# [WORK ORDER]
Set down exact lines only, from the line with "DuoDiner® DLX 6-in-1 Highchair" through the last line of the material below, with every picture left out.

# [SOURCE MATERIAL]
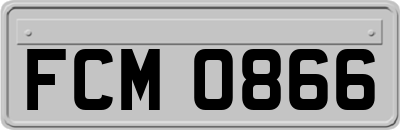 FCM0866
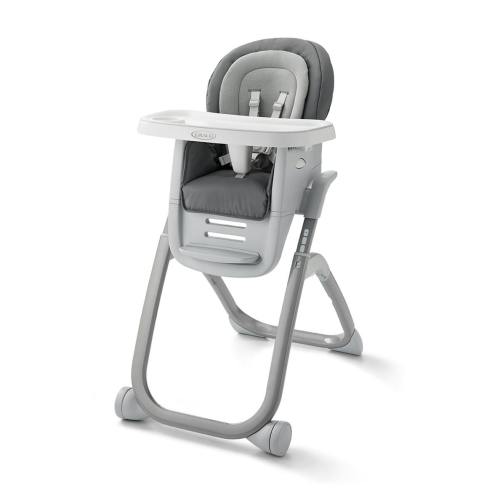 DuoDiner® DLX 6-in-1 Highchair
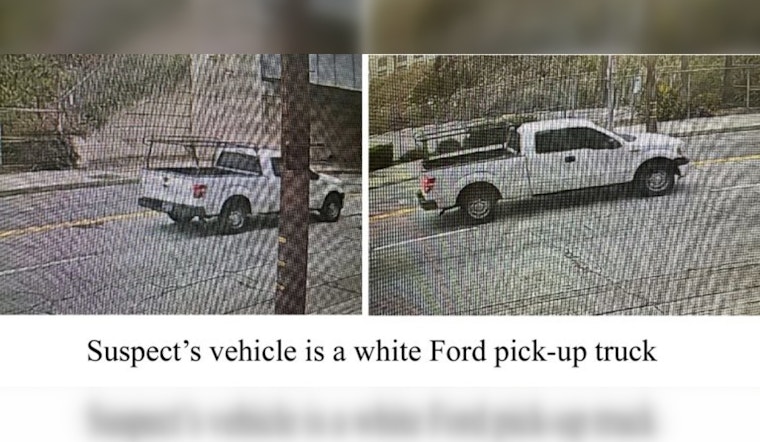 LAPD Seeks Help to Identify Suspect in Fatal Hit-and-Run Collision in Lincoln Heights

# [EXPECTED ANSWER]
 DuoDiner® DLX 6-in-1 Highchair
 LAPD Seeks Help to Identify Suspect in Fatal Hit-and-Run Collision in Lincoln Heights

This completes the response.